D'où l'importance du rift. La tectonique modifie le climat et la végétation. les animaux migrent dès que les conditions changent. L'homme n'a pas commencé son évolution ici. Il est arrivé plus tard.
Presque partout, les ossements sont accompagnés d'outils. Ils sont venus et devenus le genre Homo.
- Cette théorie sur le rôle du rift dans l'apparition de l'homme fait l'objet de débats.
Mais pour M. Pickford, la Terre aurait un visage bien différent sans cette faille en Afrique.
- C'est étrange de penser que sans la tectonique et ses effets, les changements climatiques et autres, l'homme n'existerait pas.
Je ne serais pas là.
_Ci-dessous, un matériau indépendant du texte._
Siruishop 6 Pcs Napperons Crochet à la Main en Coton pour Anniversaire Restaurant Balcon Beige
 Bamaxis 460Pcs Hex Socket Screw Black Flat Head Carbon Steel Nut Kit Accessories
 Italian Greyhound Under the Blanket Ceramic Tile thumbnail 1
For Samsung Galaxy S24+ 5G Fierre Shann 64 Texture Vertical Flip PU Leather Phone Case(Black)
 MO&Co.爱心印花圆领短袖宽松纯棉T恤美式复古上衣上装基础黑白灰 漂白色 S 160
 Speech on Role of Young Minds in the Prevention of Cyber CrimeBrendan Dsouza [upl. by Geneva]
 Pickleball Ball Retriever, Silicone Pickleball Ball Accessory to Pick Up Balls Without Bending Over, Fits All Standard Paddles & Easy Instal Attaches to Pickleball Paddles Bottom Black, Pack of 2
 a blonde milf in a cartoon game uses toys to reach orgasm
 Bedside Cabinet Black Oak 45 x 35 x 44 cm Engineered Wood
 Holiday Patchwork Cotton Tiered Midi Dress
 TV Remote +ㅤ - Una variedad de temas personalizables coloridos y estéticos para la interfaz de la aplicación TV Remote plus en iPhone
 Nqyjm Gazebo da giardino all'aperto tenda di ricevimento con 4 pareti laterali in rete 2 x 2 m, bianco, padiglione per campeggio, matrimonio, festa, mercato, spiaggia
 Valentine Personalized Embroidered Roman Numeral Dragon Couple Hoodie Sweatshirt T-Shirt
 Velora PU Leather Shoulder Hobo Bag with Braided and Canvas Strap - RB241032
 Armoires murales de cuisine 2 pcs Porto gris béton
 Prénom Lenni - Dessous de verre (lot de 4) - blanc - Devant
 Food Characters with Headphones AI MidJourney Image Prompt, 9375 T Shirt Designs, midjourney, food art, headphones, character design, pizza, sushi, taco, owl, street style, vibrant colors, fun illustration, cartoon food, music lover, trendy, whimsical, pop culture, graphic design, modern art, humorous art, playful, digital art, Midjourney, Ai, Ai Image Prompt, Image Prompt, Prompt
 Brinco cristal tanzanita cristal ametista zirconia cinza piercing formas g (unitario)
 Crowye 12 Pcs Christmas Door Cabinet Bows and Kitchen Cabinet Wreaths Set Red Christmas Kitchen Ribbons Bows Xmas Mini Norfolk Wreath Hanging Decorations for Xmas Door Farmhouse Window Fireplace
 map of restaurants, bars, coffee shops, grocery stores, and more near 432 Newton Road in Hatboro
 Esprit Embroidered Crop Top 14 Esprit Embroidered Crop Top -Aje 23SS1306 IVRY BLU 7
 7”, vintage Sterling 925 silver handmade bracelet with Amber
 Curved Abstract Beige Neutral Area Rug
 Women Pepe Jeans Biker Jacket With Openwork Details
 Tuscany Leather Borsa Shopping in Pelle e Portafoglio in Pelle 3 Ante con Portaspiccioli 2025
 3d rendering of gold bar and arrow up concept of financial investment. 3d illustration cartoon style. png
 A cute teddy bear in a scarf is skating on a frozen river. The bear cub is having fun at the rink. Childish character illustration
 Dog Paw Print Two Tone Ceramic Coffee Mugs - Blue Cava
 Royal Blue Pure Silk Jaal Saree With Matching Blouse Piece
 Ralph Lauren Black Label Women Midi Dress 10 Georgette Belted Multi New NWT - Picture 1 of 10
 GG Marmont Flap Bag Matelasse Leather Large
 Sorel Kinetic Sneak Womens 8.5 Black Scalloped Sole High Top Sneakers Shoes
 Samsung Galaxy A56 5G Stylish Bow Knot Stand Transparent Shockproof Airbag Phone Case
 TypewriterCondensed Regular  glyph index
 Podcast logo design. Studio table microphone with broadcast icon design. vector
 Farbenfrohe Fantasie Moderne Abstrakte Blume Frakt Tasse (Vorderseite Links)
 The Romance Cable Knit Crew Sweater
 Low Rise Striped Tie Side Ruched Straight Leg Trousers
D'une certaine manière, ce serait la planète des singes.

C'est étrange... mais c'est sans doute vrai.
- En Afrique, comme partout ailleurs, l'évolution de la vie est liée à l'histoire de la Terre.
Aujourd'hui, l'homme a conquis toute la planète et étendu son emprise sur les milieux naturels. Mais sera-t-il encore là demain pour observer la transformation du continent africain ?
Dans quelques millions d'années, l'Afrique et l'Europe ne feront qu'un. Quant à la mer Rouge et au golfe d'Aden, ils seront devenus des océans. Pour la première fois, le coeur de l'Afrique va se déchirer en deux.
Sa partie Est va s'élancer à travers l'océan Indien, dérivant au gré du mouvement des plaques et des collisions.
Les puissantes forces tectoniques n'ont pas fini de redessiner les contours du continent africain.